During the 1910s and early 1920s, the Glessners witnessed the enormous change that was happening all around them, as families left Prairie Avenue and their homes were demolished or converted into boarding houses or business offices. In 1922, Richardson’s only other house in Chicago, built for Franklin and Emily MacVeagh at 1400 North Lake Shore Drive, was razed and replaced with a high-rise apartment house.

The Deed of Gift between the Glessners and the CCAIA, signed on December 1, 1924, represented the best way to ensure the preservation of their house, and its continued use by the architectural community that understood its significance. The Deed was specific – Richardson’s portrait must always remain on the wall, and his monogram on the façade must never be altered – but the use of the house would change dramatically. This was no house museum – the building was to be repurposed for the uses of the CCAIA to include offices, meeting rooms, gallery space, and an atelier.

Chicago Tribune, December 3, 1924

The announcement of the gift was published in the Chicago newspapers, and within weeks newspapers from across the country covered the story, a clear indication of how important the house was considered even at that time.

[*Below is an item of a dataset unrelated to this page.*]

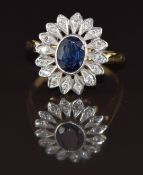 An 18ct gold ring set with an oval cut sapphire of approximately 0.9ct surrounded by diamonds in a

Among the many notes of appreciation the Glessners received was one from Julia “Lula” Shepley, daughter of Henry Hobson Richardson and the wife of George Shepley, one of the three men, who, following Richardson’s death in 1886, reorganized his office as Shepley, Rutan and Coolidge.

Page 1 of Lula Richardson Shepley's letter to Frances Glessner

An important member of Chicago’s architectural community in 1924 was Hermann V. von Holst, and he was among the Glessners’ closest friends. (Read this 2012 blog article for more information on his life and career). Hermann, just 18 years old when he arrived in the U.S. in 1892, accompanied his father, Dr. Hermann E. von Holst, who had accepted an appointment at the new University of Chicago. The Glessners quickly formed a friendship with the von Holst family, which also included Hermann’s mother and sister. Dr. von Holst was forced to retire in 1900 due to ill health. He returned to Germany with his wife and daughter and died in 1904.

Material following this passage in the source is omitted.